■ **Exercise aim**
Given these entries, repeat exactly the lines starting with the one that has "BSOE-143 - Sociology of Education" and going on through the one that has "Mimi & Lula", both included, but none of the pictures.

■ **Supplied records**
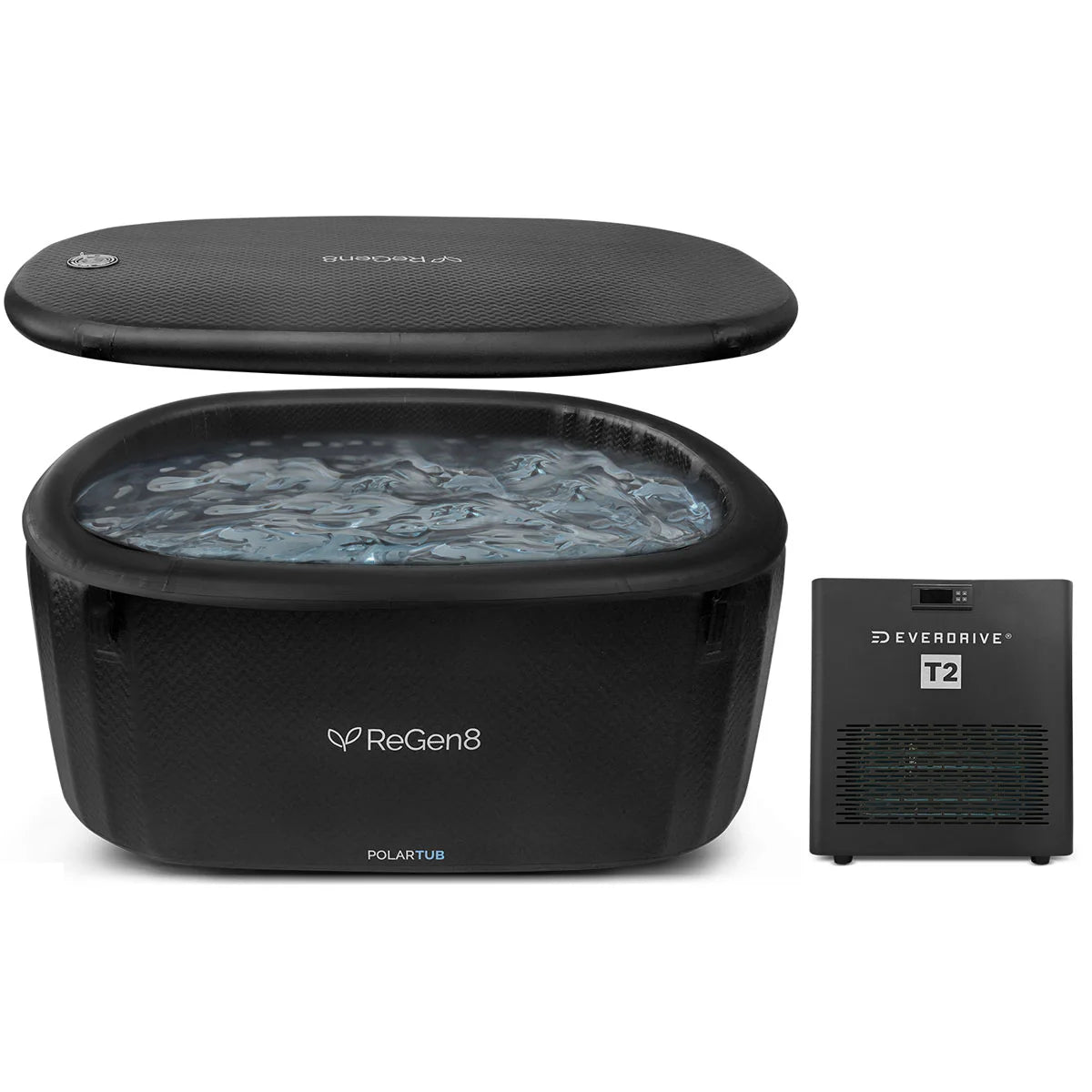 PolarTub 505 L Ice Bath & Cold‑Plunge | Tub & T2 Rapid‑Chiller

---

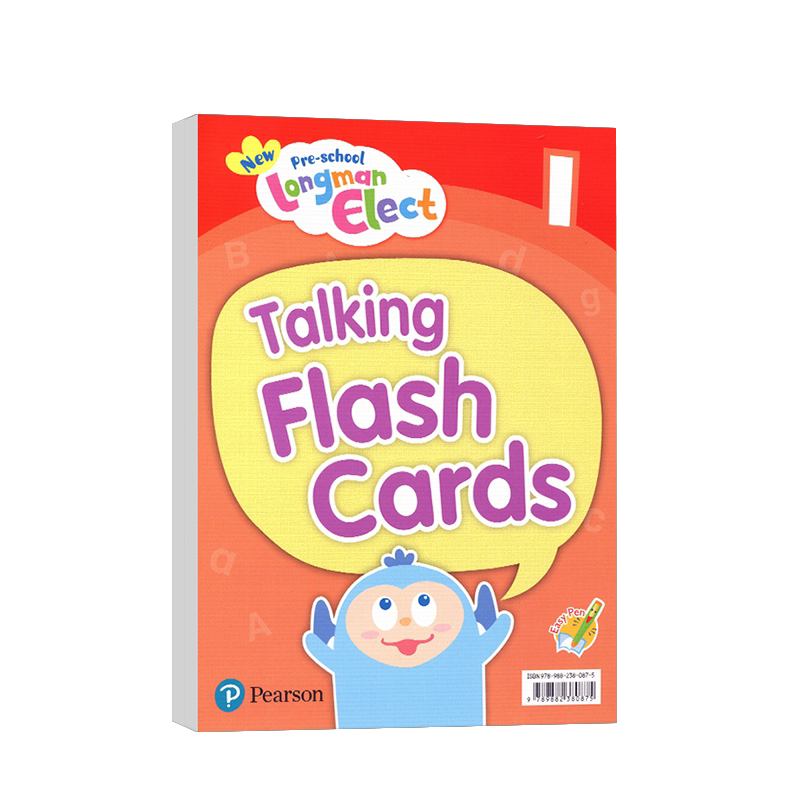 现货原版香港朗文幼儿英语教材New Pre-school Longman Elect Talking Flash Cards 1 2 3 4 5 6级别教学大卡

* * *

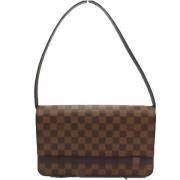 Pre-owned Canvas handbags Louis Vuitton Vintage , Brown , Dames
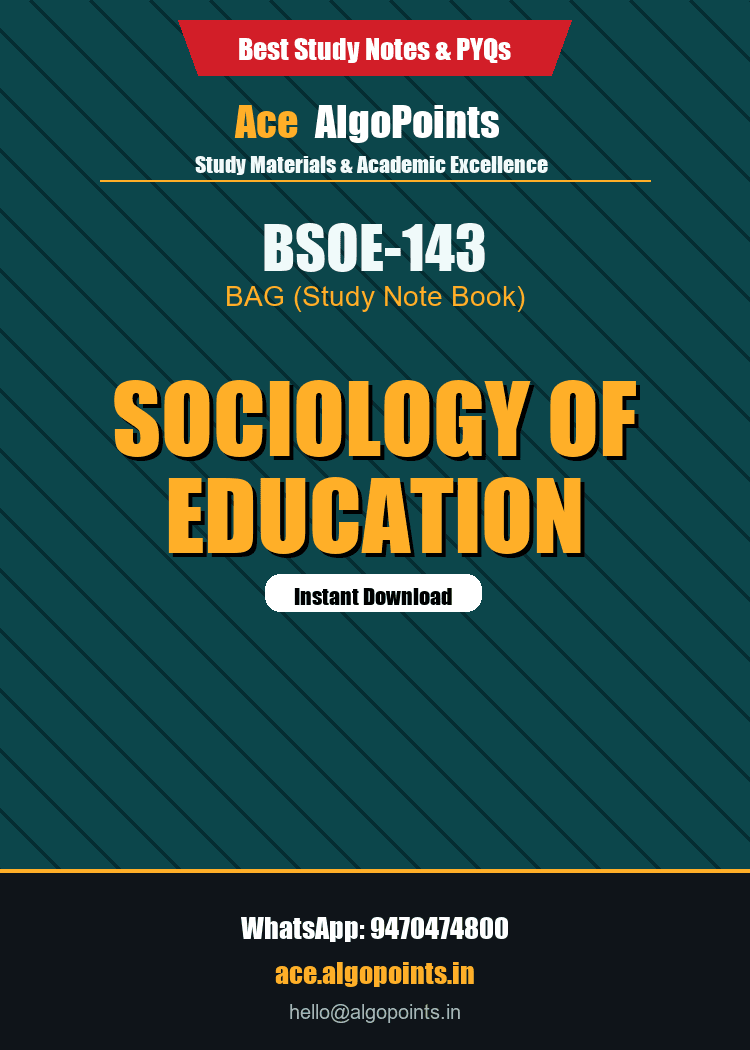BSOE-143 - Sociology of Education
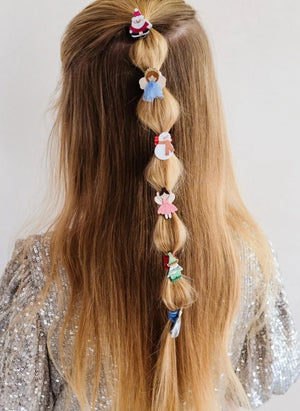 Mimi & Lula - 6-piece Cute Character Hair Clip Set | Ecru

■ **Exercise solution**
BSOE-143 - Sociology of Education
 Mimi & Lula - 6-piece Cute Character Hair Clip Set | Ecru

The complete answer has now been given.